This is where it gets interesting, and completely surpassed my expectations. I was shooting motorbikes screaming down a hill near my place. AI servo, continuous focus. It did not feel slow at all. 3 frames/sec is just not true. If I had to guess, I would have said that it shoots more frames per second than my 5DIV's. That's what it felt like to me. I bought a new SanDisk 300mb/s card with the camera, so maybe that has something to do with it. But AF speed and frames per second are *not* an issue with this camera (unless you're shooting the Olympics for a major publication..and even then it would absolutely cut it).

The screen is a ripper. So nice to shoot and review with. I think there's more going on with the sensor than the 5DIV too. Not by heaps, but this feels more accomplished in low light.

Apart from having to learn to shoot with a new system (which took half a day), I don't have anything bad to report yet. If you are on the edge, you will simply not regret buying this camera. I'm shooting with the control ring adapter and my EF lenses. I don't have any RF lenses, nor will I for a long time. I have, however, just listed one of my 5DIV's for sale. I will sell the other one as soon as the next "R" camera is released. This new system destroys the old one.


----------



## Maximilian (Oct 12, 2018)

Thanks for your impression aa_angus



aa_angus said:


> ... AI servo, continuous focus. It did not feel slow at all. 3 frames/sec is just not true.


Technical data says "up to 5 fps with continuous AF."


----------



## aa_angus (Oct 12, 2018)

Maximilian said:


> Thanks for your impression aa_angus
> 
> 
> Technical data says "up to 5 fps with continuous AF."




Why do people keep quoting 3FPS with full AF capabilities? It honestly feels like/faster than the 5DIV to me. It's nowhere near as slow as people make it out to be.


----------



## Viggo (Oct 12, 2018)

aa_angus said:


> Why do people keep quoting 3FPS with full AF capabilities? It honestly feels like/faster than the 5DIV to me. It's nowhere near as slow as people make it out to be.

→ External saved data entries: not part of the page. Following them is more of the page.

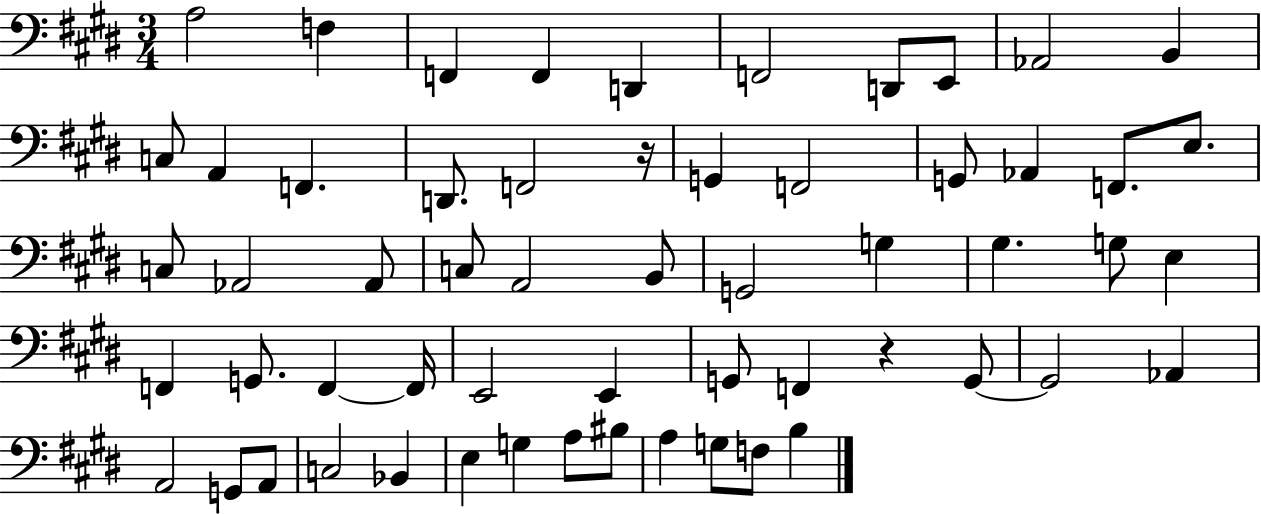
{
  \clef bass
  \numericTimeSignature
  \time 3/4
  \key e \major
  a2 f4 | f,4 f,4 d,4 | f,2 d,8 e,8 | aes,2 b,4 | \break c8 a,4 f,4. | d,8. f,2 r16 | g,4 f,2 | g,8 aes,4 f,8. e8. | \break c8 aes,2 aes,8 | c8 a,2 b,8 | g,2 g4 | gis4. g8 e4 | \break f,4 g,8. f,4~~ f,16 | e,2 e,4 | g,8 f,4 r4 g,8~~ | g,2 aes,4 | \break a,2 g,8 a,8 | c2 bes,4 | e4 g4 a8 bis8 | a4 g8 f8 b4 | \break \bar "|."
} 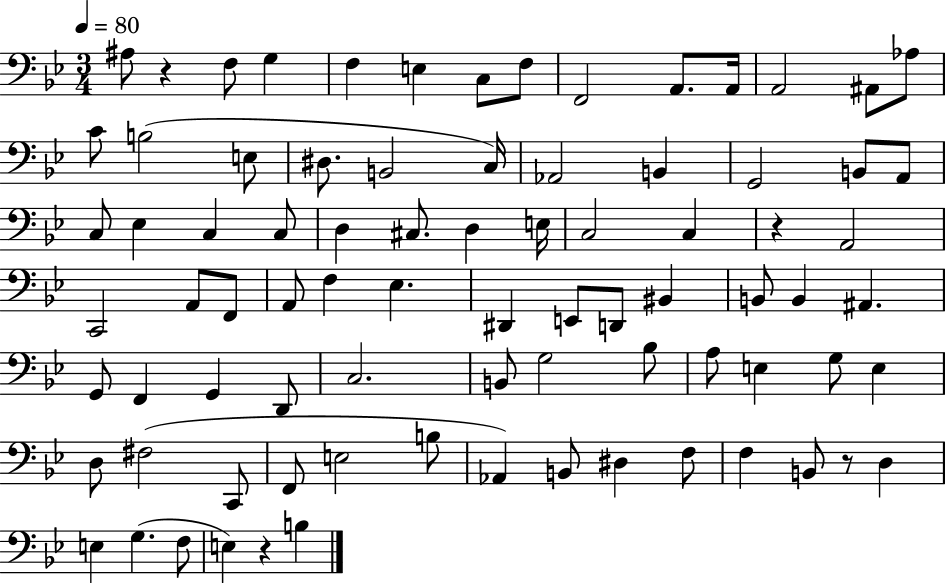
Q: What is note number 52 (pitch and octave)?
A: D2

The reason is it’s 5 fps with Shooting/release priority and 3 fps with Tracking/AF priority.


----------



## Talys (Oct 12, 2018)

aa_angus said:


> After a 2 day delay in receiving my EOS R..I have spent half a day shooting with it. And, well..I am absolutely blown away. It is *more* than I had hoped for.
> It's intuitive like all Canons - the fact I now feel completely confident shooting with it after just half a day speaks for itself.
> 
> The touch bar: *wow*. I heard people saying they were hitting it accidentally while shooting. Nope, this didn't happen once with me. Not only is it amazing while shooting (I have it set to scroll through AF point selection methods), it makes reviewing photos way easier/quicker too.
> ...


Thanks for your observations!


----------



## stevelee (Oct 13, 2018)

I guess I need to stop by Best Buy one day and look through the viewfinder of a mirrorless camera to confirm that they are nothing like my bad dream of one on Monday morning.

I slept in on Monday, so I had some very light sleep before I woke up, and that's when I remember what I was dreaming when I do wake. The dream itself was OK, just the part about the camera was bad. I looked through the viewfinder, and saw a postage-stamp-sized image. The most remarkable thing about it was that as I zoomed in, the little image just shrank to cover the smaller viewing area.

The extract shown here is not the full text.